FDA advisers frown on cold medicine for kids
FDA experts do not support use of cold medicine in kids under 6; drugmakers' bottom line unlikely to feel pain if drugs get nixed.
NEW YORK (CNNMoney.com) -- In a panel meeting on Friday FDA advisers decided that children under the age of 6 should not be using cold and cough medicines because they have not been proven to be effective or safe.
Experts for the Food and Drug Administration voted 13-9 that cold medicine should not be used by children under 6. This non-binding vote is to be taken into consideration by FDA regulators, who might take action against the products at a later time.

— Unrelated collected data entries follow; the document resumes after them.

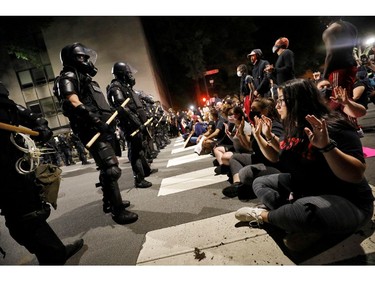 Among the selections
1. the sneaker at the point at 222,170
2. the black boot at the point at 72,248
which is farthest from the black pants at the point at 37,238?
the sneaker at the point at 222,170

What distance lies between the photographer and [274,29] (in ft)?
87.1

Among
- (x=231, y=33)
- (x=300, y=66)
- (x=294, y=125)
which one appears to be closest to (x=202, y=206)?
(x=294, y=125)

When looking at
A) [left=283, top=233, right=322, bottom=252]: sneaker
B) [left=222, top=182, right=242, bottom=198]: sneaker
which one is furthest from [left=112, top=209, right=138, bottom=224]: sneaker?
[left=283, top=233, right=322, bottom=252]: sneaker

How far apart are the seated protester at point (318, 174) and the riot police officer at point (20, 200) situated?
1.99m

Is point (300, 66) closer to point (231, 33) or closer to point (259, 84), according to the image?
point (231, 33)

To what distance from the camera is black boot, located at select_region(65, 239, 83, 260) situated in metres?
2.46

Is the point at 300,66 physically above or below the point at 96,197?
above

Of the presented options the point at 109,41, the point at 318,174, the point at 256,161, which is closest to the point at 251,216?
the point at 318,174

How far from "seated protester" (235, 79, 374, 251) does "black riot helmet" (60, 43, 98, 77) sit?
256 cm

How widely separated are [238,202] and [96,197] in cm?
313

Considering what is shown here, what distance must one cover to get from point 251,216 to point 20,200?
2.09 m

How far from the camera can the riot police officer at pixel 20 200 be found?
203 cm

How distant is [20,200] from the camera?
206cm

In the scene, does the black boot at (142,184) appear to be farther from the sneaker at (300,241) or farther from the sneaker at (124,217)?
the sneaker at (300,241) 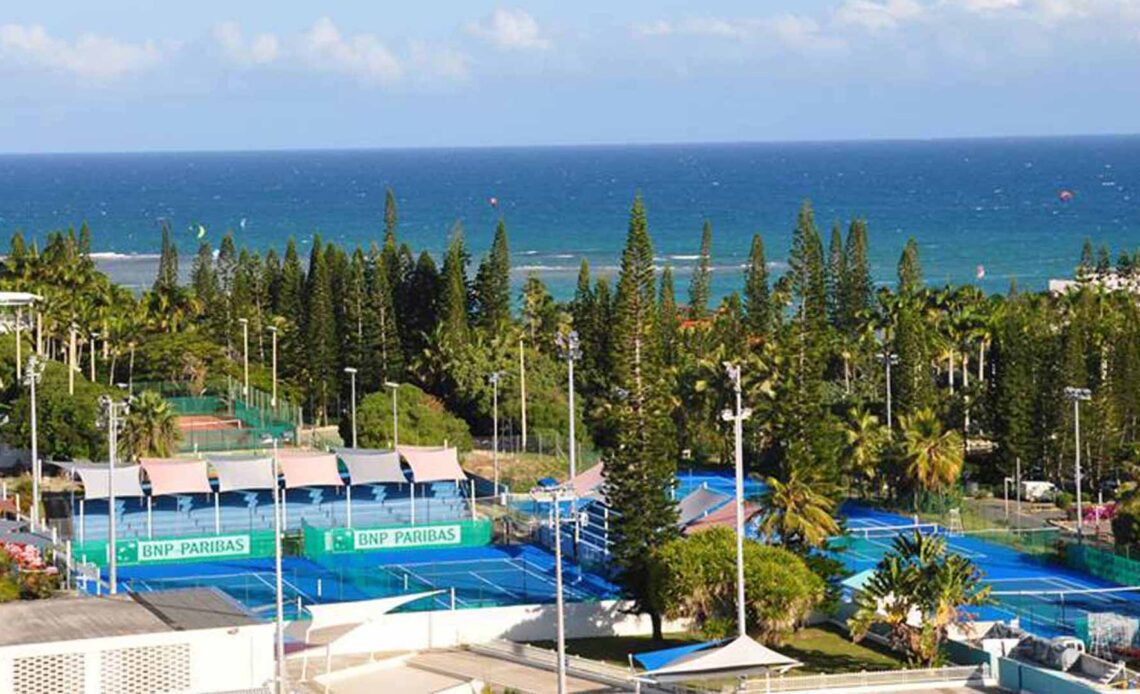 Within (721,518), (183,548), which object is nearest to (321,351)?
(183,548)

The vote applies directly to the companies Johnson & Johnson (Charts, Fortune 500), Wyeth (Charts, Fortune 500) and Novartis (Charts), which all make cold medicine for kids. But even if the panel vote does result in regulatory action, it won't take much of a bite out of Big Pharma's balance sheet because childrens' cold medicines make up just a sliver of their overall sales.
The drugmakers don't break out sales figures for specific over-the-counter products, so the exact impact of regulatory action would be difficult to quantify. But Wyeth spokesman Douglas Petkes said that over-the-counter drugs, including cold medicines Robitussin and Dimetapp, make up just one-tenth of company sales, which totaled $16.6 billion in the first nine months of 2007. Furthermore, Petkes said that only 20 percent of those OTC sales go to children under the age of 6.
"I'll let the numbers speak for themselves," said Petkes.
Likewise, Michael Krensavage, analyst for Raymond James & Associates, said the impact on cold medicine maker Johnson & Johnson would be "insignificant."
Still, use of these drugs is widespread. A study from the Journal of the American Medical Association, released in 1994, found that more than 35 percent of all kids used cold medicine in a specific 30-day span, according to the FDA.
Drugmakers say their cold medicines are safe and effective for kids at the recommended levels. "Given the extensive use of these medicines, serious adverse events in children of all ages are extremely rare," said the Consumer Healthcare Products Association, the industry group representing makers of OTC drugs, in documents on the FDA's Web site.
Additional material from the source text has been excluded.